In Jerusalem, a holy city to warring peoples, archaeology is power. Archaeology is also agony.

Riddle me this. Is the property at Jerusalem’s heart Har ha’Bavit, the Temple Mount, where Jewish temples once stood and our Lord Jesus Christ visited and taught, or al-Haram al-Sharif, the Noble Sanctuary, where two of Islam’s holiest buildings stand today?

One might say it can be both. Can’t everyone just get along? Maybe someday. But not yet. The wounds are too deep. So it is not for me to judge.

There would be no question in the minds of the men I saw midday Friday, making their way from East Jerusalem through the Old City to services at the Al-Aqsa mosque. Palestinian authorities have sometimes even claimed that the Jewish temples never existed. That isn’t all Palestinians. Just enough to stoke distrust and rage.

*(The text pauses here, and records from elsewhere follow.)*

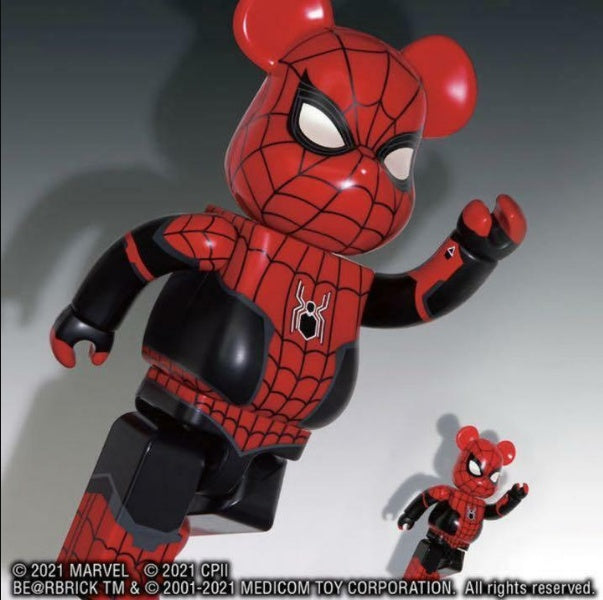 BE @ RBRICK SPIDER-MAN UPGRADED SUIT 100% & 400% Bearbrick figure Medicom Toy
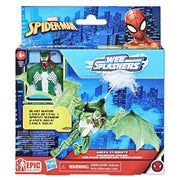 Hasbspiderman set vehicul si figurina green symbiote 10cm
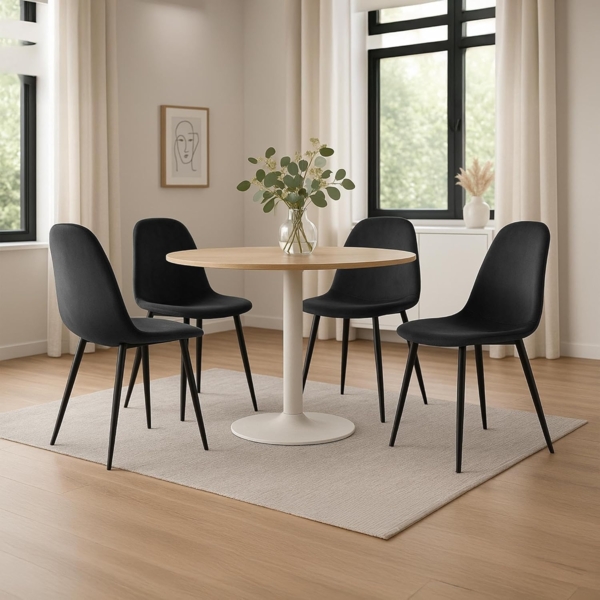 CLP 4er Set Esszimmerstühle Napier gepolstert bis 150 kg belastbar,schwarz Samt Bild 2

Whereas some Jewish sects say Islam’s shrines have no business there, though the oldest, the Dome of the Rock, was built in the seventh century. A millennium and a third is just a moment here. These sects want to destroy it all and replace it with a Third Temple, animal sacrifices and all. They’re already building the fixtures. You can donate to their non-profit. That isn’t all Israelis. Just enough to keep tensions high as extremists pick fights periodically with those going to say their prayers on sunny Fridays like today.

The ambiguity cuts deeper when you realize that our understanding about the layers of life in this ancient place comes at a horrible price.

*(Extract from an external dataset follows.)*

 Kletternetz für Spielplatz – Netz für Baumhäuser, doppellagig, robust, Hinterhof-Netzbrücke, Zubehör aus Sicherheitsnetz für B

For instance, I revisited the Jerusalem Archaeological Museum today. It forms an L embracing the southwest corner of the Temple-Sanctuary. The woman who sold me my ticket persuaded me to pay five shekels extra for access to an app that would play through my phone and hearing aids.

It wasn’t curators and academics, as I’d hoped. It was a drama with actors and music, taking the visitor back to Second Temple times. The narrator talked about the discoveries that had been made under the “dirt and trash” after Israel reclaimed Jerusalem in the 1967 war. What really happened is that Israel seized and destroyed Palestinians’ homes, a layer of life sacrificed to learn about those beneath. (For balanced insights about the politics of archaeology in Israel and Palestine, check out the work of עעמק שווה – Emek Shaveh, an Israeli NGO.)

I turned the museum’s app off, but I stayed, climbing up and down catwalks through breathtaking ruins of Byzantine- and temple-era homes. I’m glad we know about them but repent of our means of knowing. In our time of deeper understanding about how we appropriate one another’s cultures, the decision to visit any museum can be an exercise in Christian ethics, but probably no more so than in Israel and Palestine.

I got a little payback along those lines. The Christian experience, as far as I could tell, is not part of the museum’s narrative. In fairness, the Davidson Center, the indoor display area, is closed. One of the most thrilling sites is Robinson’s Arch, actually a remnant of an arch that, experts surmise, supported a massive staircase connecting the lower market street to the temple. Christians are wont to say that the moneychangers Jesus confronted occupied stalls in the marketplace. You’ll hear it from pilgrim guides but not the Jerusalem Archaeological Museum, nor probably from the Birthright Israel tour leader who gathered his disciples today in a bit of shade thrown by the temple wall, by the Noble Sanctuary.

What can’t be overlooked — it’s actually why I go back to this museum — is a pile of stones which, it is said, Roman soldiers and pillagers threw down when they destroyed the temple in A.D. 70. The paving sags from the impact and weight. Seeing them is as vivid an historical experience as I’ve ever had. It was a sinning culture trying to destroy a layer of life of another’s. But they failed. Rome’s savagery inaugurated both the Jewish diaspora and Christianity’s global project. We are still living in a world constructed from those falling stones. Here, two millennia are just a moment.